# Generic Rally Image T-shirts



## Castle Rock Outbackers (Jan 18, 2004)

The image below is being used for the 2006 Rocky Mountain Rally t-shirts:










I will have a shirt sample prepared later this week and post it here. I will take purchase orders at that time. You can choose either the 2006 Rocky Mountain Outbacker Rally version or a generic version. The only difference is the generic version will not have "2006 Rocky Mountain Outbacker Rally" in white text in the upper left pocket area of the shirt.

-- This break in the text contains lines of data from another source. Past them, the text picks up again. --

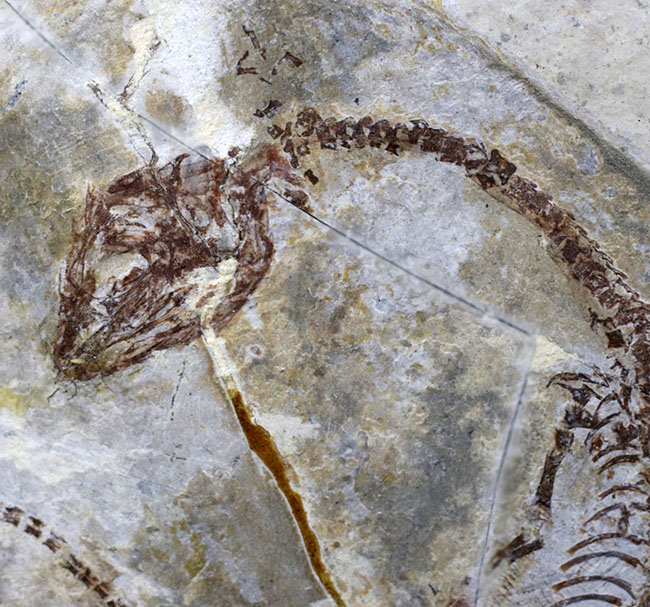 レア、数十年もののオールドコレクション！白亜紀の淡水を泳いでいたミニドラゴン、ヒファロサウルス（Hyphalosaurus lingyuanensis）の全身化石（その4）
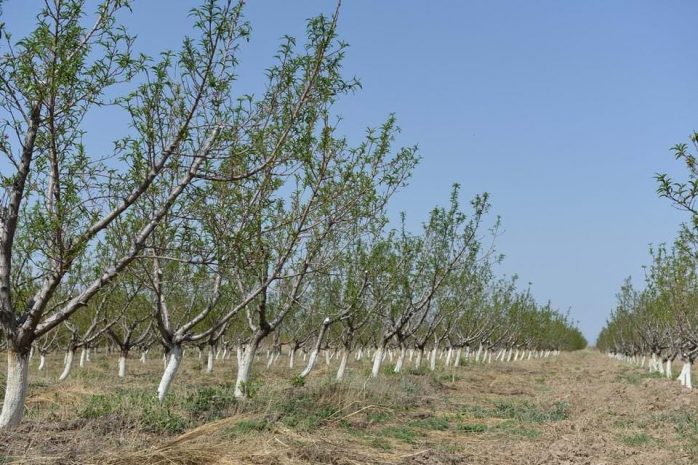 В Талгаре украли саженцев яблонь на миллион тенге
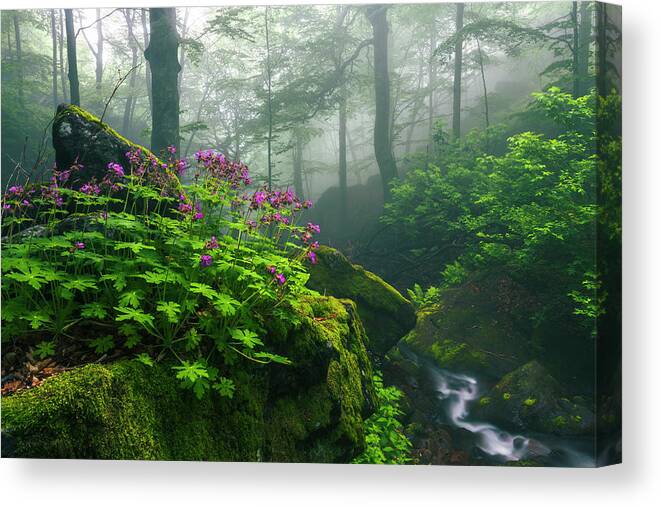 Geranium Canvas Print featuring the photograph Scent of Spring by Evgeni Dinev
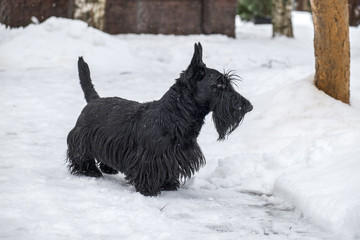 black dog on white snow on Christmas day
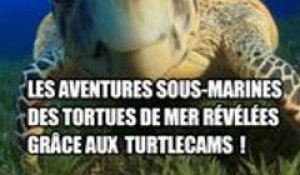 Les aventures sous-marines des tortues de mer révélées grâce aux "TurtleCams" !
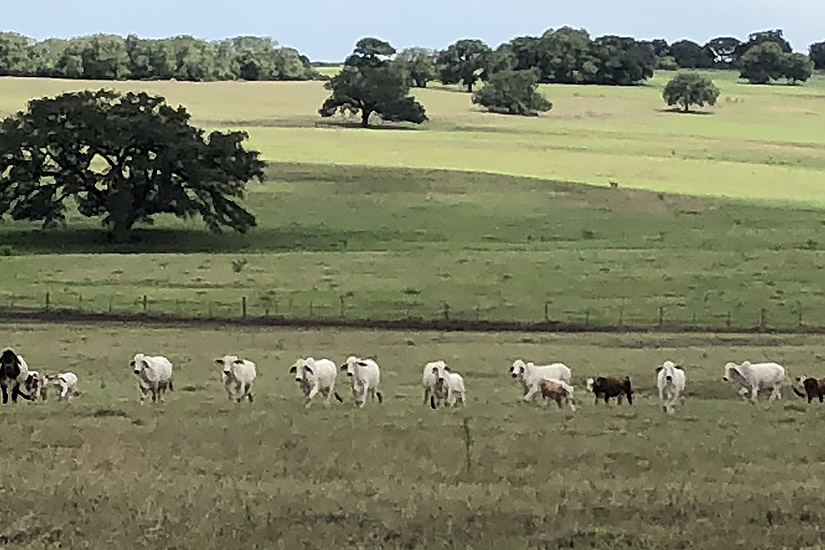 TEXAS M3 RANCH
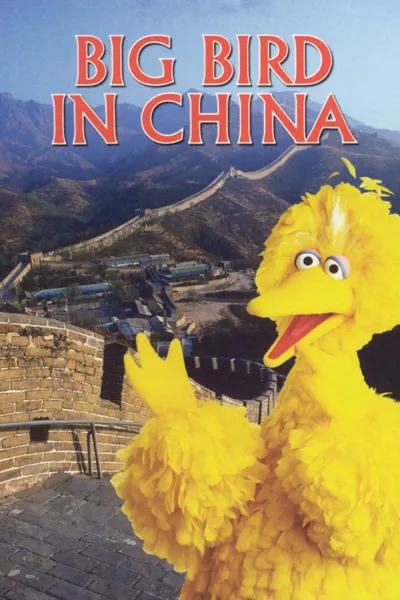 Big Bird in China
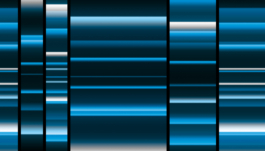 Studio Annette Fischer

I am not profiting from the manufacture or sale of these shirts. My DW did the artwork and I will have the local t-shirt shop prepare the heat transfers.

The shirts will be long-sleeve only, in charcoal. The shirts are Gildan Ultra Cotton Heavyweight, 100% preshrunk 6.1 oz. cotton.

Randy


----------



## ARzark (Aug 9, 2005)

Looks great C.R.O.








Nice job on the design!
When is that Western states rally again??


----------



## RizFam (Feb 25, 2006)

I LIKE IT .......& WILL PROBABLY WANT ONE AS WELL!! 
Long sleeve & 100% AWESOME









Tami


----------



## Moosegut (Sep 24, 2005)

Randy,

Nice artwork. I can see ordering 4 for the fam. Let us know when they will be available and the price.

For us Northeast Spring rally folks (like rizfam) and any other rallyers (iers? Hmmm?) we can get iron on transfers to put the date and info on the shirt. In fact, I'll volunteer to get the transfers from Staples and come up with a nice font and layout, then mail them to people if they'd like. I'll get approval of the font and layout first, in the Northeast Rally thread. Let me know Northeasterners.

Thanks Randy.

Scott


----------



## HootBob (Apr 26, 2004)

WOW really nice job there Randy








Can see when DW see them she'll want some of them

Don

Moosgut sound like a great idea


----------



## sleecjr (Mar 24, 2006)

nice art work. we have some talent on here..


----------



## mswalt (Sep 14, 2004)

Randy,

Tell the DW, "Great job" once again.

Mark


----------



## Thor (Apr 7, 2004)

Randy

Outstanding job









Thor


----------



## RizFam (Feb 25, 2006)

> For us Northeast Spring rally folks (like rizfam) and any other rallyers (iers? Hmmm?) we can get iron on transfers to put the date and info on the shirt. In fact, I'll volunteer to get the transfers from Staples and come up with a nice font and layout, then mail them to people if they'd like. I'll get approval of the font and layout first, in the Northeast Rally thread. Let me know Northeasterners.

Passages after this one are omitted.